Book IV contains the history of seventeen kings from Durlabhavardhana to Utpalapida who belonged to the Karkota (also called Karkotaka) dynasty Durlabhavardhana, the descendant of Naga Karkota or Karkotaka, founded this dynasty. He appears to have ruled from circa AD 598 to 634. His reign was chiefly distinguished by this encouragement of religion, the temples he founded, the endowments he bestowed upon the brahamans, and some other benevolent works he undertook for the general welfare of the people. He won the friendship of Harsavardhana by presenting him a prized tooth-relic of the Buddha for installation in a shrine at Kanauj. The most powerful ruler of the line was Lalitaditya (Ad 724-60), the third son of Durlabhaka alias Pratapaditya. Lalitaditya has been described as an efficient administrator, valiant warrior, great conqueror and patron of arts and culture. The author of the said work has given a faithful account of his digvijaya (conquest). He subjugated Yasovarman of Kanauj (in AD 773 or in about Ad 740) and invaded Karnata, then subject to a queen named Ratta, who submitted to the invader but was later restored to her dominions.
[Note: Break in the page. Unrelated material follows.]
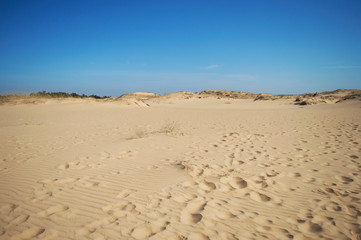 Oleshky Sands on a blue sky in the Kherson region in Ukraine, the largest desert in Europe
The narrative of fifteen princes from Avantivarman to Suravarman to Suravarman II belonging to the Utpala or Varman dynasty has been provided in Book V. After the death of Avantivarman, the reign of Kashmir passed into the hands of his on Sankaravarman. The latter reversed the peaceful policy of his father and kept himself engaged in wars and conquests. He invaded Darvabhisara (the region between the Vitasta or Jhelum and the Candrabhaga or Cenab), extended his sway to Trigarta region (Kangra) after subduing its king, Prthvicandra, and defeated the Gurjara (i.e. Gujarat of Pakistan) Chief Alakhana and his ally Lalliya Shahi seizing the certain territories, conquered earlier by Mihira Bhoja, from Mahendrapala I Pratihara, and transferred them to the Thakkiya chief. In order to replenish the treasury which became depleted because of his military operations, and also to satiate his desire to accumulate wealth, Sankaravarman subjected his people to every king of extortion
In Book VI, the author has provided the history of ten kings in the lines of Yasaskara and Parvagupta.
The history of six princes from Samgramaraja to Harsa belonging to so-called the Lohara dynasty is contained in Book VII. Samgramaraja alias Ksamapati, nephew of Didda and brother of the Lohara prince, Vigraharaja, ascended the throne in Ad 1003 and continued to rule till 1028.
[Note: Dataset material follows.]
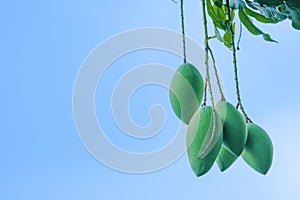 Group of fresh green barracuda mango bouquet fruit hanging on branch tree. isolated on blue sky blackground. sweet and delicious o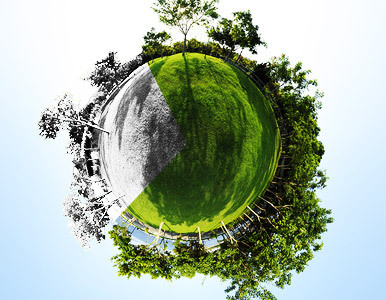 Una quinta parte de las plantas del mundo puede desaparecer.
The last and the eighth Book contains the history of seven kings from Ucchala (Ad 1101-11) to Jayasimha (AD 1127-59),
ESTIMATION :
The Rajatarangini is a native chronicle of Kashmir. One of the characteristic features of this chronicle is that it contains information Not only about kings but also about contemporary society, economy, religion and culture.
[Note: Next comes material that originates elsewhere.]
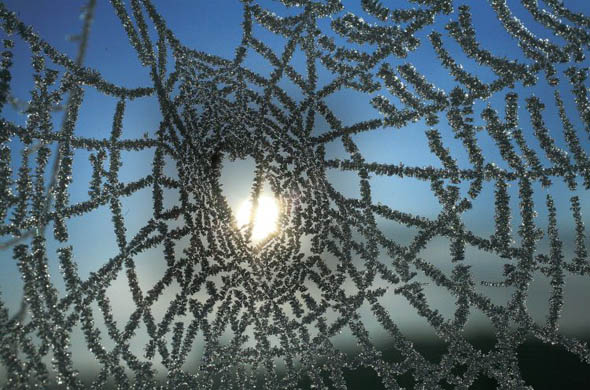 The first frost of winter clings to a spiders web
It contains valuable information about the religious toleration, the prevalence of three popular cults of Hinduism, Saiva, Sakti and Vaisnava and co-existence of Brahmanism and Buddhism, in Kashmir.
Kalhana seems to be balanced in his value-judgements. He describes the periods of glory and misery, and greatness and weakness of rulers
He has highlighted both the bright and dark sides of the character of some kings. For instances, he describes Harsa (the patron of his father) as tyrannical, but, on the other hand, counts his bravery as one of his good qualities.
His work shows his love of Kashmir and respect of his patron king. However, as a
historian, he also criticizes the negative-points of his king. The work shows his
beautiful narrative-descriptive style, dramatic dialogues, sprinkled with good-advises
here and there.
Rajatrangini shows importance of sources and variety of them for writing of
history. It also stresses the impartiality and unbiased nature of historian. According
to Kalhana, ''...Such person (historian) should be praised whose writing abstained
itself from any kind of anger-hatred and remained impartial while describing
historical events..". Such was the urge of Kalhana and work like Rajtarangini. Hence,
it is called as first book of History in India.